Sql-server – Gaps and Islands – Finding the Nearest Island

gaps-and-islandssql serversql-server-2012sql-server-2016

I am working with the following scenario where I have temporal data that falls into islands and gaps. Every once in a while I need to associate an event that falls within an existing gap to its nearest island based on the time of the event.

To demonstrate, let's say I've got the following data defining my time periods:

enter image description here

This data is contiguous except for a gap which exists between IDs 2 and 7, for the time period 2017-07-26 00:03:00 through 2017-07-26 00:07:00.

In order to identify the nearest island, I am currently splitting the gap into two periods as follows:

enter image description here

If I have an event that falls within this gap, the GapWindowStart/End times will determine which island I need to associate the event with.

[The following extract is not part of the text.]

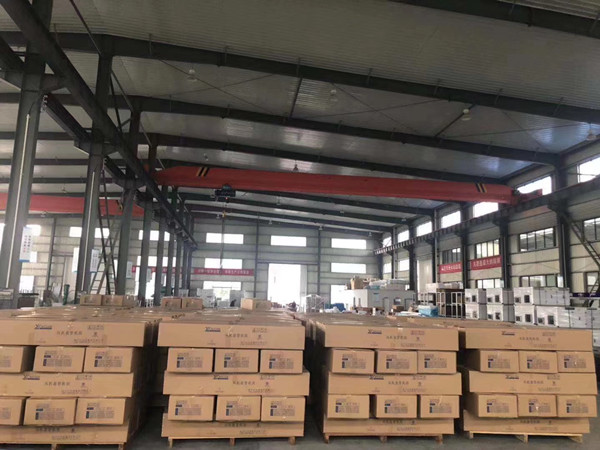 低噪聲薄款160系列風(fēng)機(jī)盤管現(xiàn)場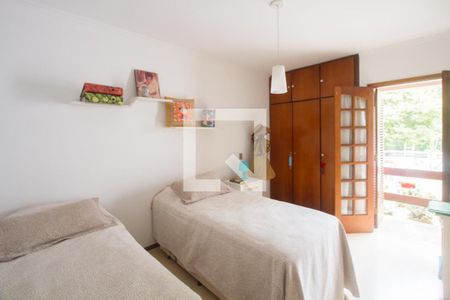 Casa à venda com 410m², 4 quartos e 6 vagasQuarto 2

So, for instance, if I have an event that occurs at 2017-07-26 00:03:20, I would associate that event with ID 2 and conversely if I had an event occur at 2017-07-26 00:05:35 I would associated that event with ID 7.

The most efficient way I've been able to code my approach, thus far, is to assemble the gaps using Itzik Ben-Gan's 3rd solution from SQL Server MVP Deep Dives book via the ROW_NUMBER window function and then split the gaps per a CROSS APPLY statement which acts like a simple UNPIVOT operation.

Here is the db<>fiddle plan of the approach I'm using to assemble the nearest island set.

With the nearest islands identified, I use an event's event time to identify the nearest island to associate said event with. Because these islands are volatile throughout the day, I cannot make a static master table, but instead have to rely on constructing everything at run-time when the events are encountered.

Here is a db<>fiddle plan showing what NearestIsland value should be used against a random event time.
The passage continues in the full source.